This is a post designed to aid indie authors in garnering reviews. It is an excerpt from the Amazon sample of Christine Pinheiro’s book, The Book Reviewer Yellow Pages: A Book Marketing Guide for Authors and Publishers.
I found this excerpt very helpful, and will use it to even further increase my own chances of getting reviewed.
One of the most disheartening things an indie author can hear is “sorry, we do not review self-published works.” And yet, everywhere we look in other forms of media creation — music, video, film — the indie media artist is a respected individual creator.
What is it about book publishing that brings out the selectiveness in reviewers?
One factor is the time it takes us to determine our interest in a book compared to, say, a few seconds of a song. In the case of books, there is both the package (design and formatting), as well as the writing itself. Another factor is the sheer number of books published each year. Popular reviewers have to have some kind of filter or criteria to automatically eliminate submissions.
INCREASING THE ODDS IN YOUR FAVOR
1. Your cover.
Make sure your cover is on par with the covers of the top-selling books in your category.
(My note: Personally, I struggled for years with covers. But no more. It’s not necessary! I’ll tell you why.
My secret weapon is a combination of Canva and Pixabay. They’re both entirely free to use [just be careful with Canva, because there are paid options]. Once, I even used Canstock, another excellent venue for images, but a paid one. Very reasonable, though, if you can’t find what you’re looking for on Pixabay.
So stop using that Kindle Cover Creator! It’ll do you in. Go to Canva, and make professional-looking covers.)
2. Your copyright page.
A. a disclaimer (legal notice)
B. ISBN info
C. contact info
D. Recognition of contributors (i.e., editor)
3. Your front and back matter.
(My note: This is not as relevant with e-books, given there are no page numbers, and no need to worry about incorrect Roman numerals, etc.)
4. Formatting, layout and design.
Basically, you need consistency of formatting — i.e., headings of the same font and size, consistent spacing and indentation, etc.
(My note: No-brainer, right? Who likes to read sloppy-looking books?)
5. Your metadata.
Metadata is the info about your book: title, subtitle, description, cover, price, size, weight.
(My note: Is this info consistent on all platforms?
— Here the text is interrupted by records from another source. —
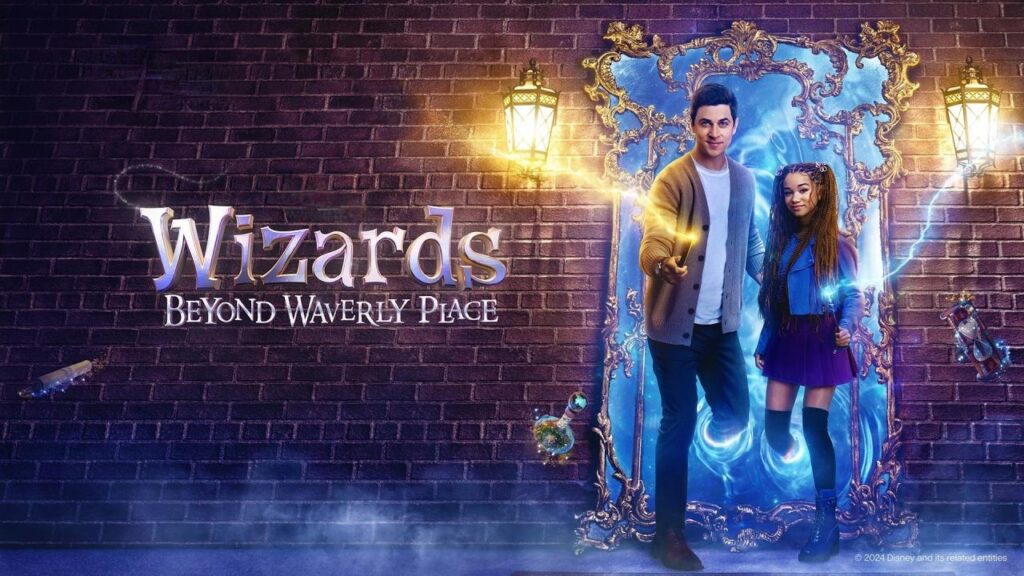 مشاهدة مسلسل Wizards Beyond Waverly Place الموسم الاول الحلقة 7 السابعة مترجمة اونلاين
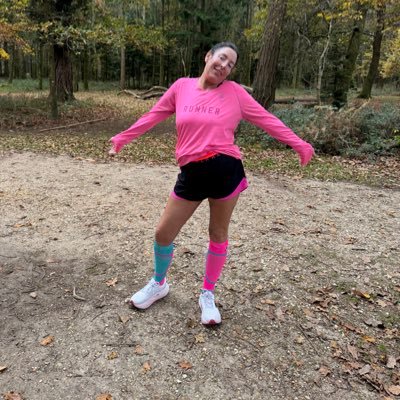 SharonAJ4576's profile picture. runner loving the WET runs 🏃🏻‍♀️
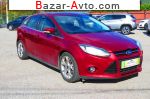 2014 Ford Focus   автобазар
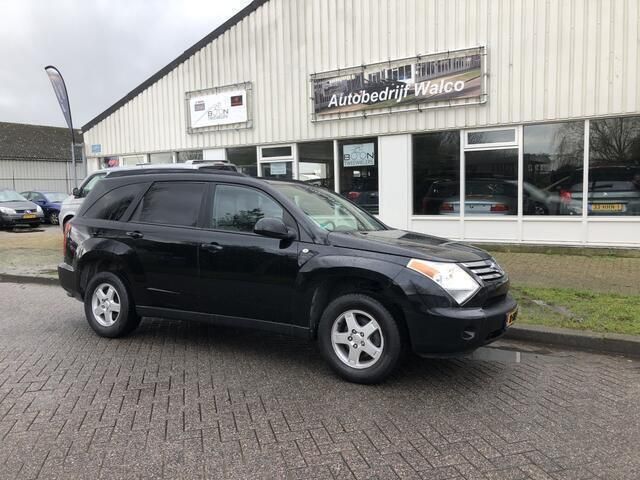 Zwart Gebruikt 2007 Suzuki Grand Vitara SUV | € 6.950 - Afbeelding 1/4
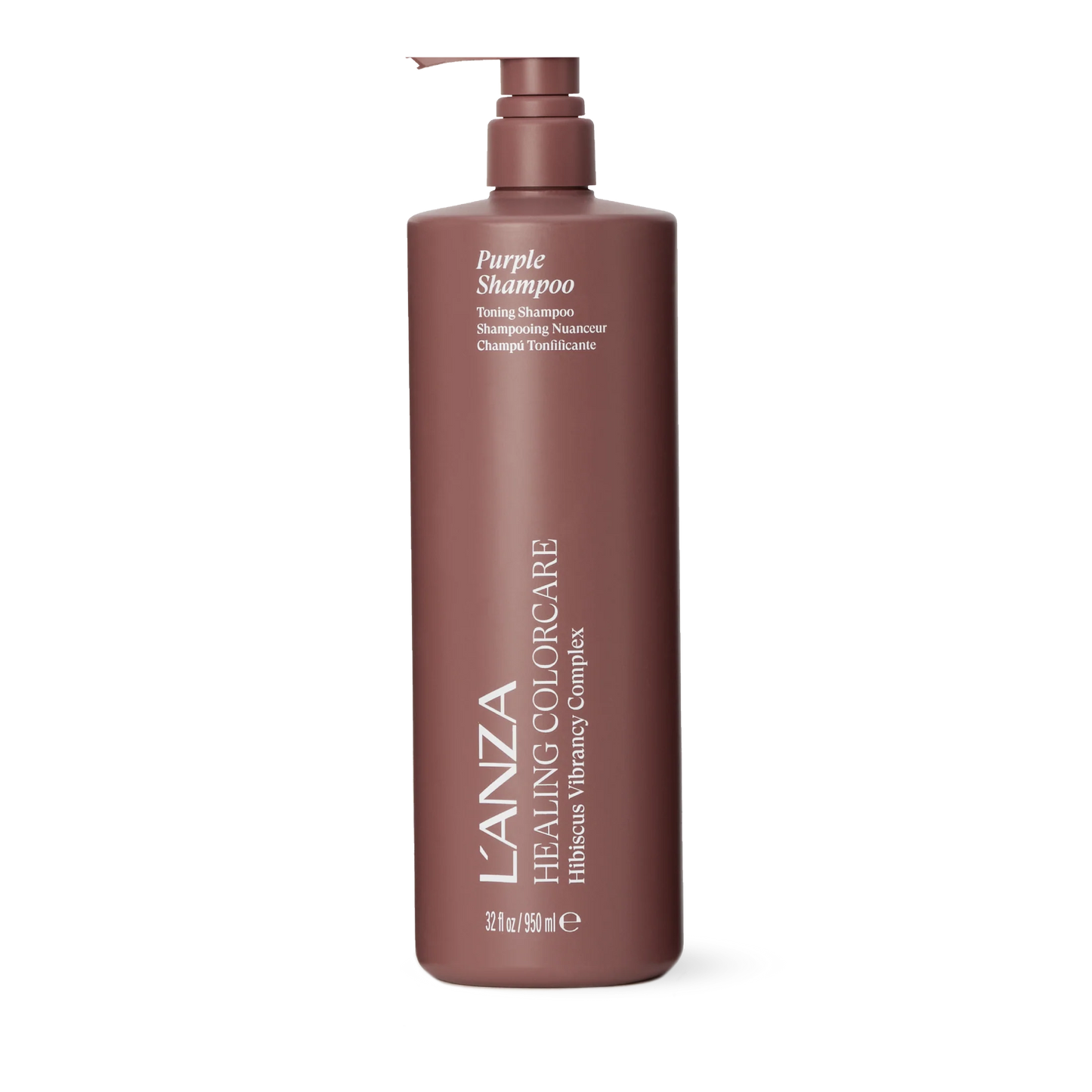 
                  
                    Healing ColorCare Purple Shampoo
                  
                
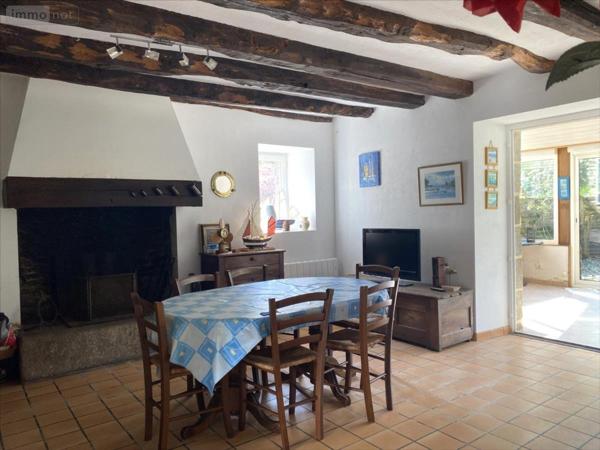 Maison à vendre à Plumelec dans le Morbihan (56420), ref : 56056-M566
Is it the same on Amazon as it is in your review query? If not, you’ll look unprofessional.)
The recurring theme in all five of these categories is CARE. An author who cares enough about these details probably cares about their writing, as well. By not standing out as an amateur, the reviewer might not be so quick to dismiss your book.
Well, that about wraps it up! For an indie reviewers who are struggling to get reviews (myself included), I hope this helps.